Copy only the lines between the one containing "Personalized Gift Hand-Forged" and the end of the records, both included, leaving out pictures.

#### Materials provided:
○ ○ ○ ○

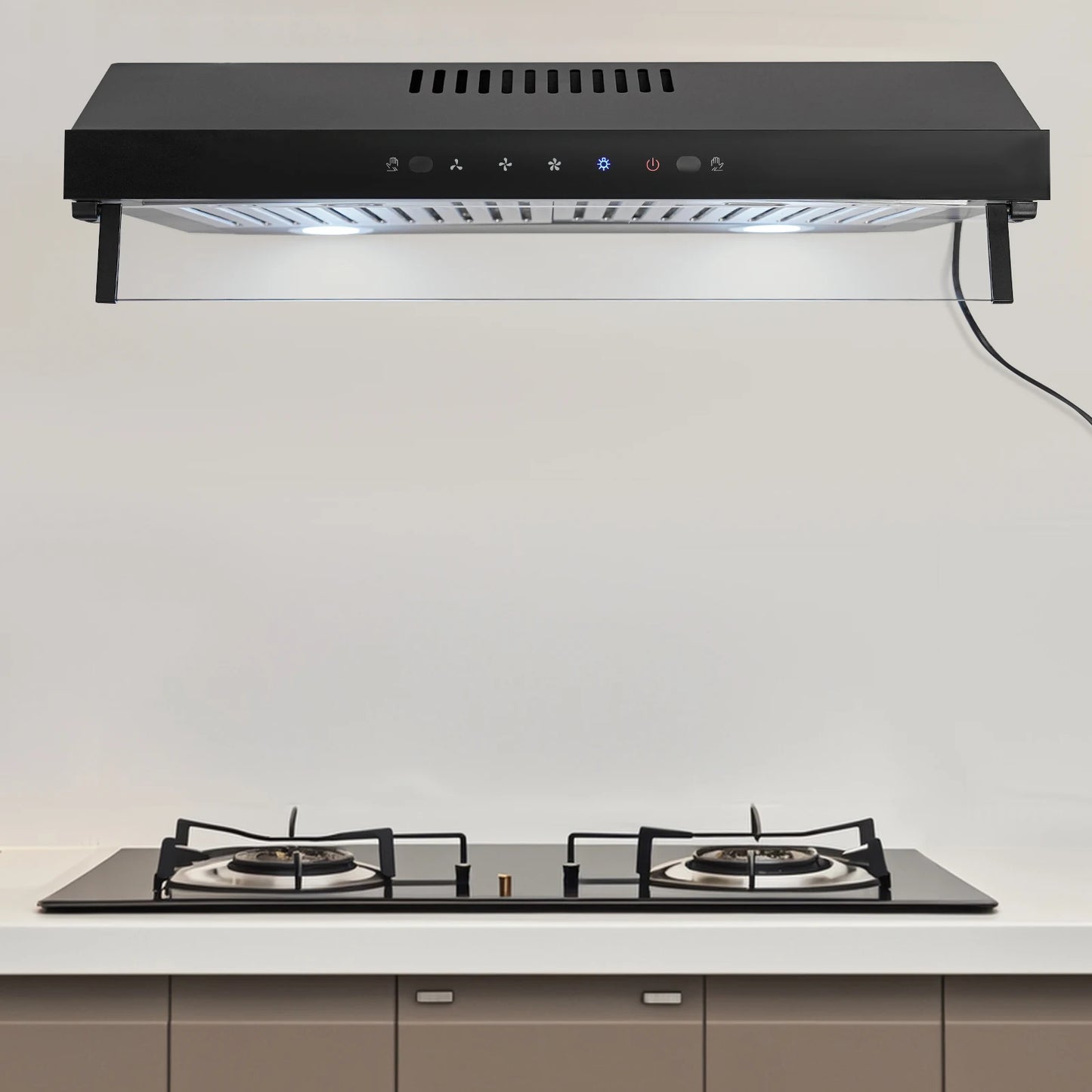 Under Cabinet Range Hood Wall Mount Dual Motor Kitchen Vent Hood Durable Stainless Steel And Acrylic Construction High Temperature Baking Paint Smart Touch Gesture Control Powerful 900CFM Suction Low Noise Kitchen Exhaust Fan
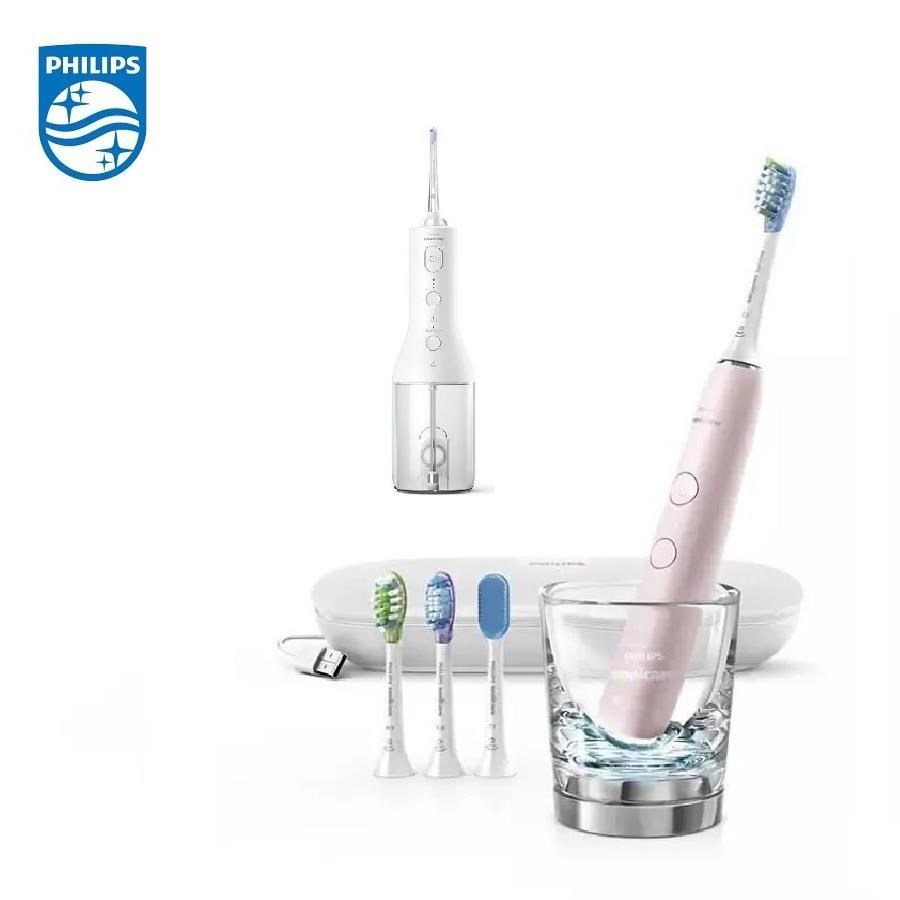 PHILIPS 飛利浦 鑽石靚白智能音波震動牙刷(HX9924/22) 粉+X型水流電動沖牙機 (HX3826/31)白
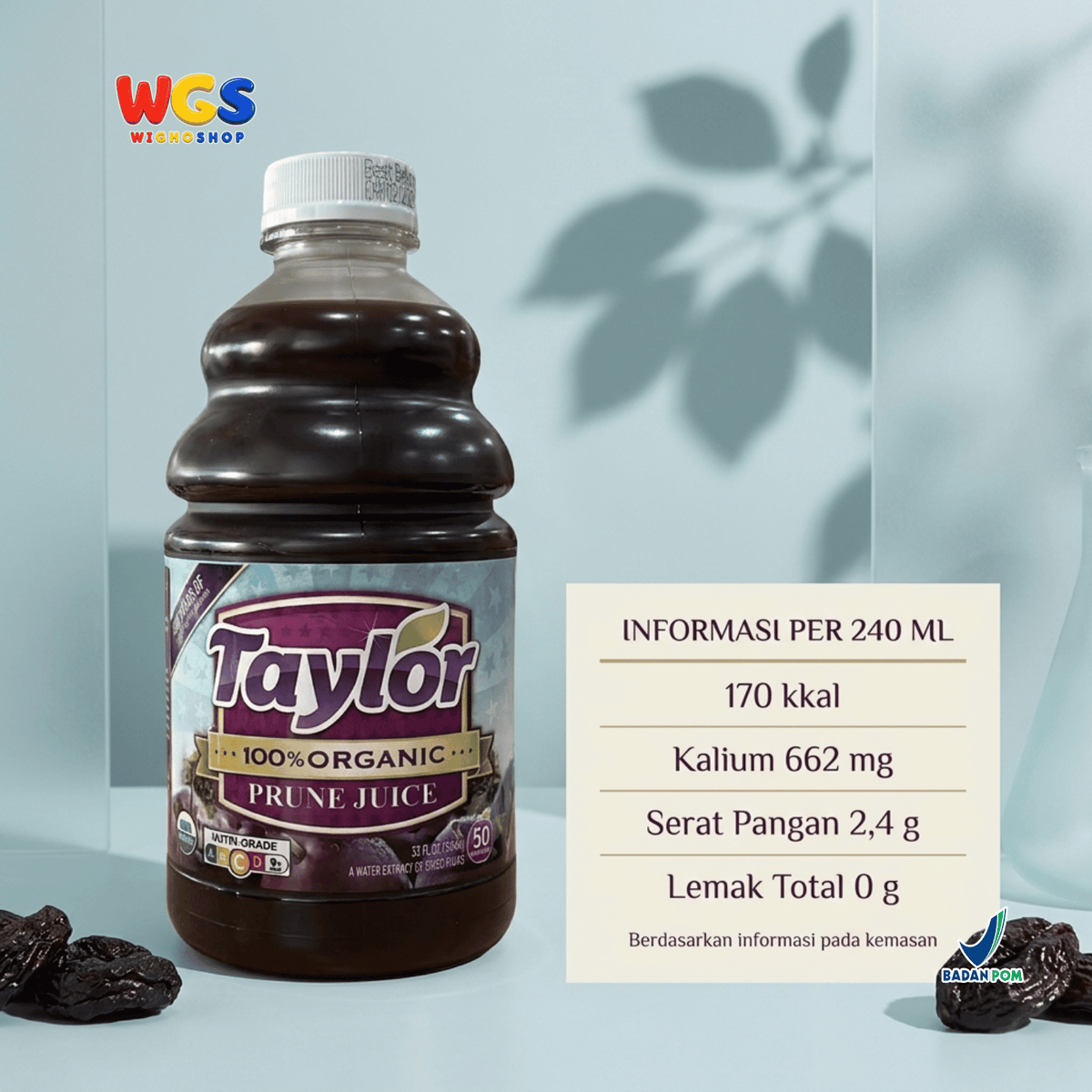 Taylor 100% Organic Prune Juice 946ml - Jus Prune California Jus Buah Plum Kering Tanpa Gula Tambahan USDA Organic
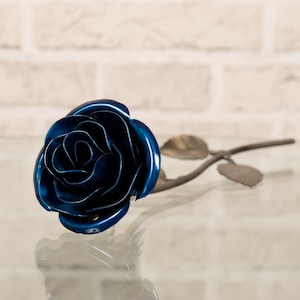 Personalized Gift Hand-Forged Wrought Iron Blue Metal Rose image 3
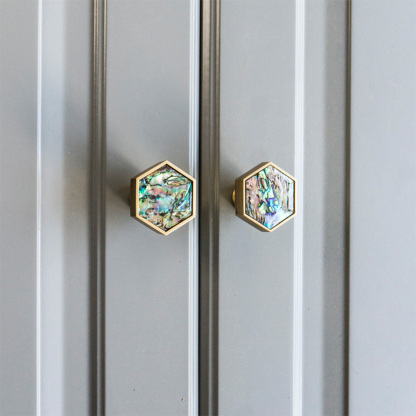 Hexagon Brass Drawer Pulls with Creative Shell Design for Wardrobes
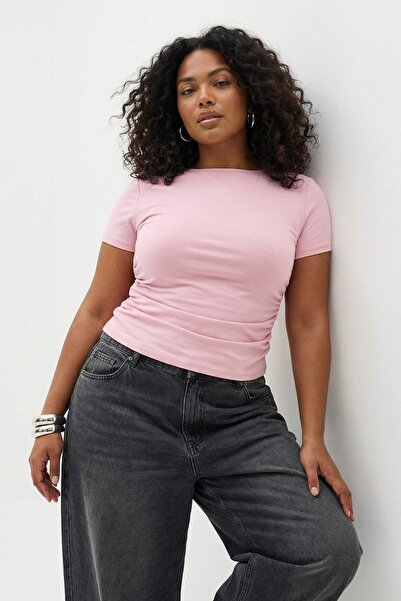 Trendyol Curve Light Pink Viscose Ribbed Side Gathered Knitted Plus Size Blou...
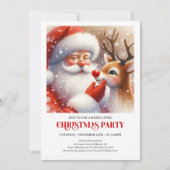 Invitation Classic Santa and Rudolph Festive Christmas Party (Devant)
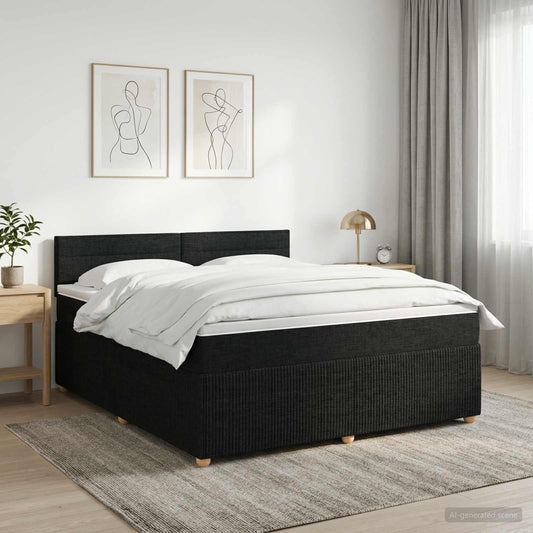 vidaXL Κρεβάτι box spring με στρώμα Μαύρο 140 x 200 cm Ύφασμα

○ ○ ○ ○

#### Answer for the task:
 Personalized Gift Hand-Forged Wrought Iron Blue Metal Rose image 3
 Hexagon Brass Drawer Pulls with Creative Shell Design for Wardrobes
 Trendyol Curve Light Pink Viscose Ribbed Side Gathered Knitted Plus Size Blou...
 Invitation Classic Santa and Rudolph Festive Christmas Party (Devant)
 vidaXL Κρεβάτι box spring με στρώμα Μαύρο 140 x 200 cm Ύφασμα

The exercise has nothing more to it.